— AVAILABLE DATA —
────────

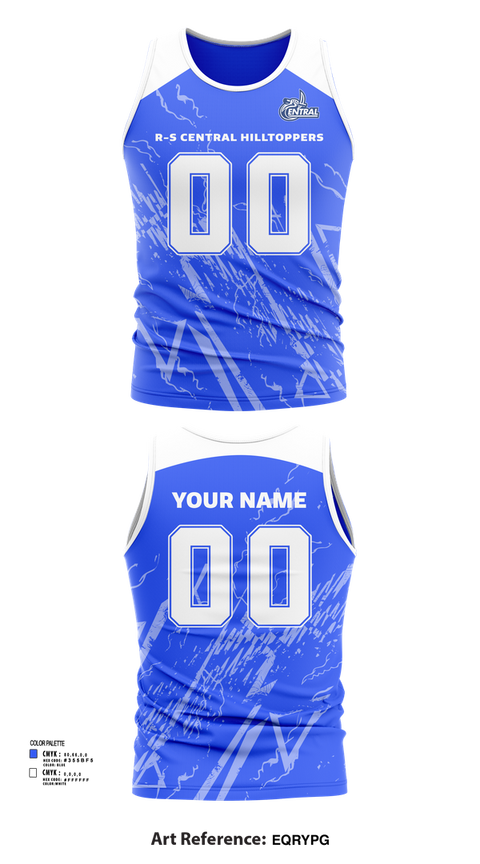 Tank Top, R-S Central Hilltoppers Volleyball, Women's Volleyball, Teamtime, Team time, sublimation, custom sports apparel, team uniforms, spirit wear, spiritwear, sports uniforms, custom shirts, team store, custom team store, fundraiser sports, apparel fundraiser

────────

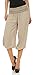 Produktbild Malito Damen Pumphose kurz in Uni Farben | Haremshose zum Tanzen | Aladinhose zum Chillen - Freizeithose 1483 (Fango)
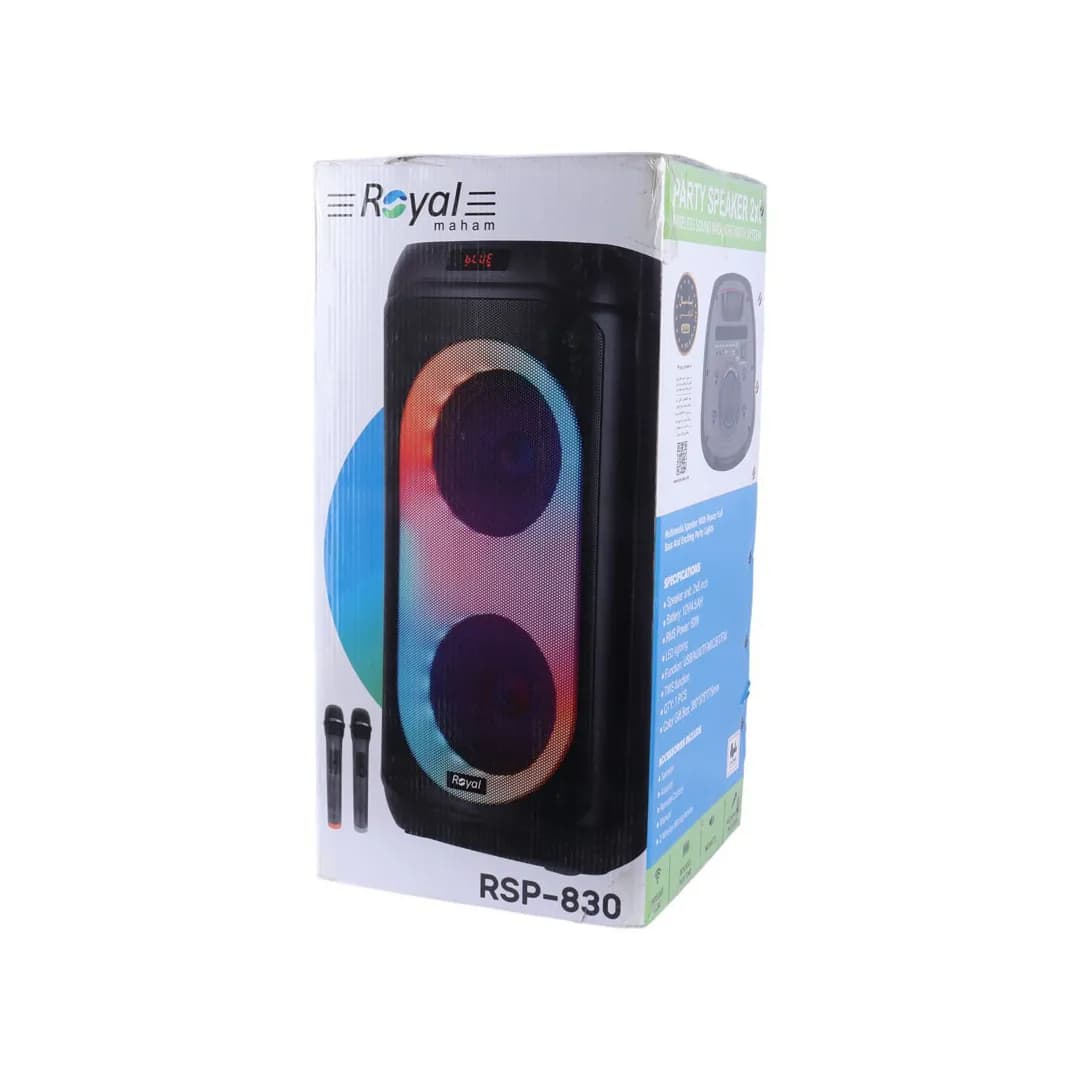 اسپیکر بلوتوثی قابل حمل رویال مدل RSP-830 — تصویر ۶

────────

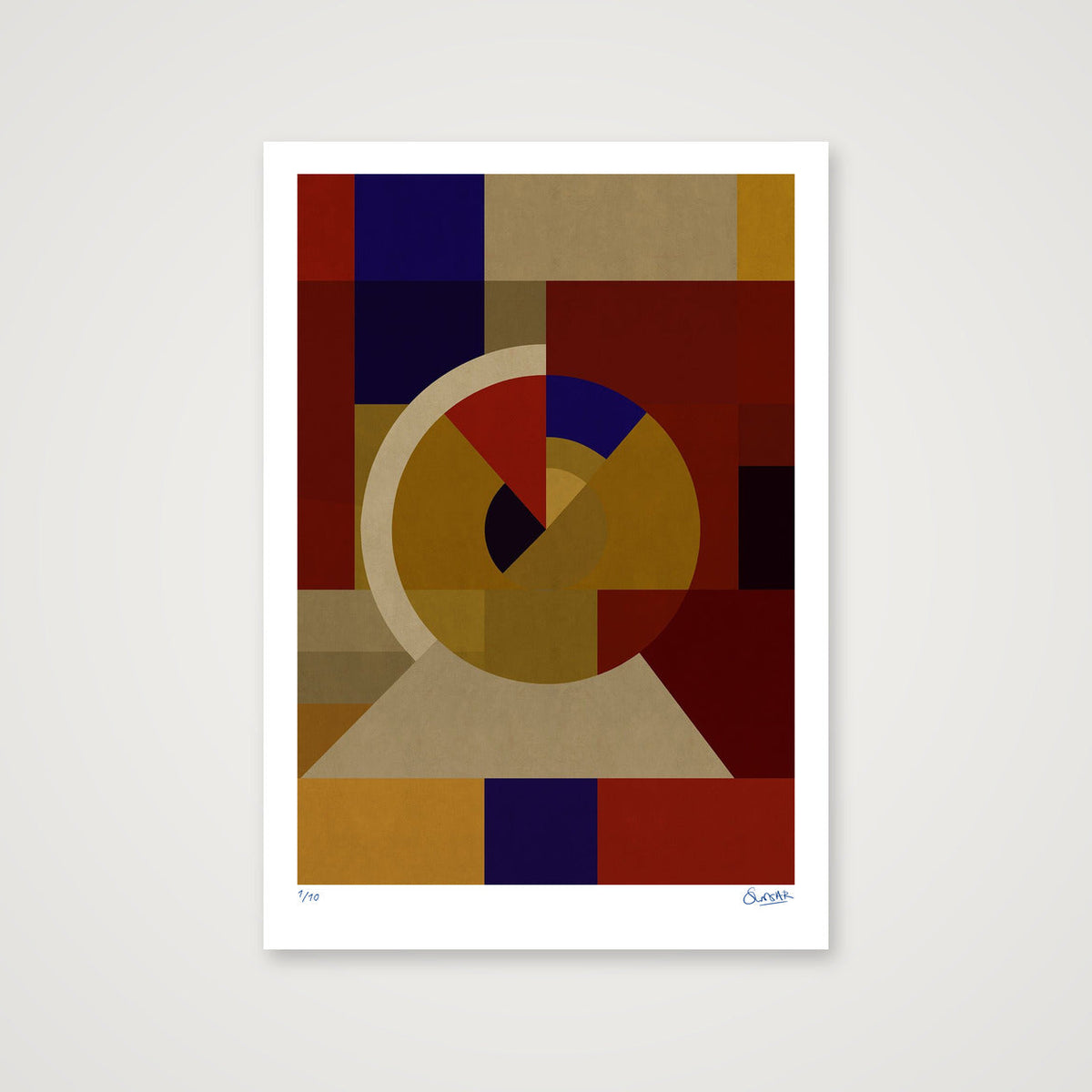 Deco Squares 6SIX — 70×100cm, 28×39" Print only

────────

In the listing above, find the line containing "Produktbild Malito Damen" and the line containing "اسپیکر بلوتوثی قابل", then print exactly those two lines and every line between them, minus the pictures.

— WRITTEN ANSWER —
 Produktbild Malito Damen Pumphose kurz in Uni Farben | Haremshose zum Tanzen | Aladinhose zum Chillen - Freizeithose 1483 (Fango)
 اسپیکر بلوتوثی قابل حمل رویال مدل RSP-830 — تصویر ۶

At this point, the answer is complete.